O combate ao bullying no Brasil
Enviada em 04/10/2019
O filme “Ben X” retrata a vida de um adolescente que sofre bullying na escola por conta de sua deficiência, a narrativa foca na história de Ben, um garoto que por possuir a Síndrome de Asperger enfrenta um processo de exclusão social dentro do ambiente escolar. Fora da ficção, é fato que a realidade apresentada pela direção pode ser relacionada ao cenário de intimidação que domina o Brasil, uma vez que devido a cultura do “mais forte” grupos minoritários continuam sendo alvo de agressões, e a ausência de suporte psicológico sustentam o tabu em falar sobre doenças mentais. Primeiramente, é importante destacar que, por causa das pessoas em vulnerabilidade social terem os insultos direcionados a elas, presencia-se um cenário de exclusão que contribui tanto para a dificuldade de aceitação quanto para o aumento das taxas de bullying no Brasil. Segundo uma pesquisa feita pela Fipe, 96,5% das pessoas afirmam ter preconceito contra pessoas com deficiência, fato esse que valida a existência de uma hierarquia que padroniza e seleciona as pessoas que devem ou não serem inclusas. No filme “Extraordinário” por exemplo, Auggie, um garoto de 10 anos que por possuir uma deformidade em seu rosto é tratado como objeto de zombaria após adentrar em uma escola. Deste modo, fica evidente que os grupos mais suscetíveis continuam sendo a principal mira dos agressores. Outrossim, por conta da resistência em abordar temáticas que envolvem saúde mental dentro de ambientes familiares e escolares, cria-se um cenário de solidão para as pessoas que se encontram na posição de vítima. Ao negligenciar o debate sobre temas como esse, ignora-se o fato de que as pessoas pacientes dessas agressões precisam de suporte. Em uma pesquisa feita pelo Pisa, foi declarado que estudantes que tem o apoio dos pais são 3.4 vezes menos propensos a se sentirem excluídos, dado esse que denota a importância da interferência das instituições sociais na vida das crianças e dos adolescentes, e no combate ao bullying.

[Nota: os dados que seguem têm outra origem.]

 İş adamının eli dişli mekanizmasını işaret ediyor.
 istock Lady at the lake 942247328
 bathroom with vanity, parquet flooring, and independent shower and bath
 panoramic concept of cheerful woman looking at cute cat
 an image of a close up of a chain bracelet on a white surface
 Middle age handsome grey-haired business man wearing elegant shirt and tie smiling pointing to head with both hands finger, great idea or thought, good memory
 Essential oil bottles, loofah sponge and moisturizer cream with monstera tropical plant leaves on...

Portanto, é mister que o Estado tome providências para resolver o impasse. Para que haja uma restruturação na conjuntura brasileira que se encontra regida pelo bullying, urge que o Ministério de Educação e Cultura (MEC) ofereça programas de preparação aos professores, por meio projetos pedagógicos, a fim de que em da sala de aula os alunos sejam estimulados a trabalhar com pessoas portadoras de deficiências. Ademais, promova reuniões escolares e disponibilize assistência psicológica nas escolas, a partir de verbas públicas, com o intuito de viabilizar conversas sobre a vitalidade mental e dar ao aluno o apoio necessário. Somente assim, será possível incluir as minorias e findar com o conservadorismo quanto a saúde mental dos discentes, atenuando desta forma as taxas de bullying no país.